Hydatid disease is a widely prevalent neglected zoonosis of major public health importance in India.[2] It is produced by the larval stage of the Echinococcus tapeworm mostly of Echinococcus granulosus or Echinococcus multilocularis.[3] The disease mostly affects liver, lung, spleen, and kidney in decreasing order, although it can be found in almost any tissue or organ of the human body. PHC disease is rare, even in regions where hydatidosis is endemic with a reported prevalence of 2–2%. In a recent literature review of reported cases of PHCs between January 2010 and April 2014, isolated PHC was detected in the majority of patients and the pancreatic head was the most common location.[1] Possible routes of primary hydatid disease of pancreas include hematogenous dissemination, through biliary system, through lymphatic channels, direct passage of larvae into pancreatic tissue, and retroperitoneal dissemination.[1]

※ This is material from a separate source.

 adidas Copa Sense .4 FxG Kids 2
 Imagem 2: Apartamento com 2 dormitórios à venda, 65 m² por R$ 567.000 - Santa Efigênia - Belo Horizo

The patient can be asymptomatic or symptomatic depending upon the cyst size and location.[1] HCs of pancreatic head may cause obstructive jaundice, acute pancreatitis, cholangitis, duodenal stenosis, or duodenal fistula.[3] The present patient had obstructive jaundice and left-sided portal hypertension due to compression of CBD and splenic vein by the cyst and chronic pancreatitis due to direct fistulization of the cyst in the MPD.

HCs are composed of outermost pericyst formed by compressed host tissue and inner true cyst wall derived from the parasite. The true cyst wall is divided into acellular outer laminated (ectocyst) and inner one-cell-thick germinal membrane (endocyst). Endocyst forms the daughter cysts.[4]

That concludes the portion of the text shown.